Some text some message..
Back Steps to Address Skewness in Numerical Data 06 Jul, 2024

import pandas as pd

import numpy as np

from scipy.stats import skew

 

# Sample DataFrame

data = {

    'Category': ['A', 'B', 'A', 'B', 'A'],

    'Numeric1': [100, 200, 300, 400, 500],

    'Numeric2': [10, 20, 30, 40, 50]

}

df = pd.DataFrame(data)

# Select numerical columns for skewness check and correction

numerical_cols =  df.select_dtypes(include=['int64', 'float64']).columns

# Check skewness of numerical columns

skewness = df[numerical_cols].apply(lambda x: skew(x))

print("Skewness of numerical columns:")

print(skewness)

# Correct skewness if necessary (e.g., apply log transformation)
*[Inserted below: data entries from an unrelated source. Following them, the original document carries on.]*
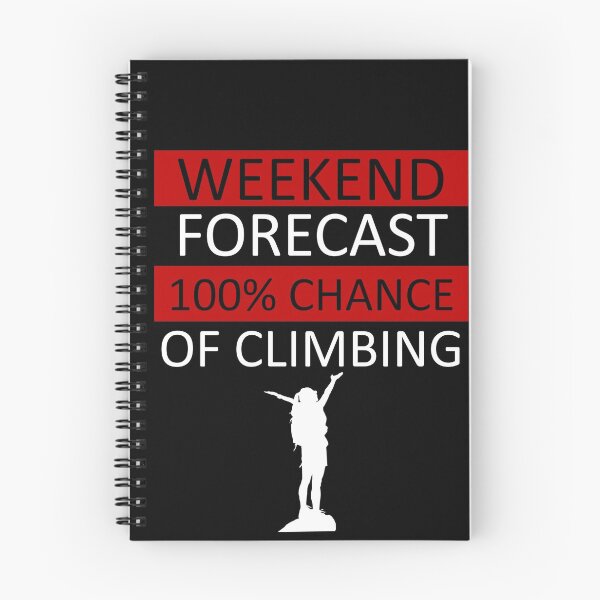 Item preview, Weekend Forecast - Climbing designed and sold by AndiHK.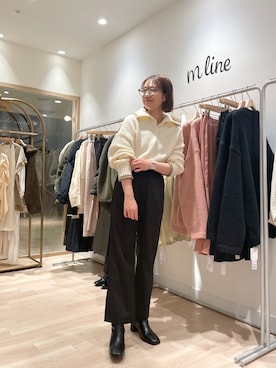 ikegaya aoiさん（レディース・163cm）の冬コーディネート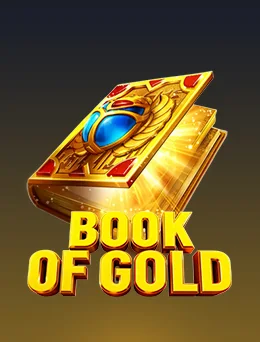 Book of Gold by JILI on getrummy777 game-detail banner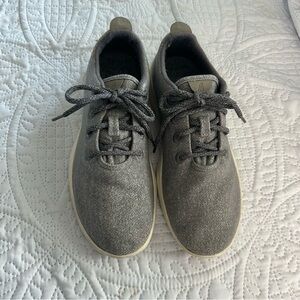 Allbirds Gray Wool Sneakers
skewed_cols = skewness[skewness > 0.75].index  # Example threshold for skewness

for col in skewed_cols:

    df[col] = np.log1p(df[col])  # Applying log transformation (log1p to handle zero values)

# Check skewness again after transformation

skewness_corrected = df[numerical_cols].apply(lambda x: skew(x))

print("\nSkewness after transformation:")

print(skewness_corrected)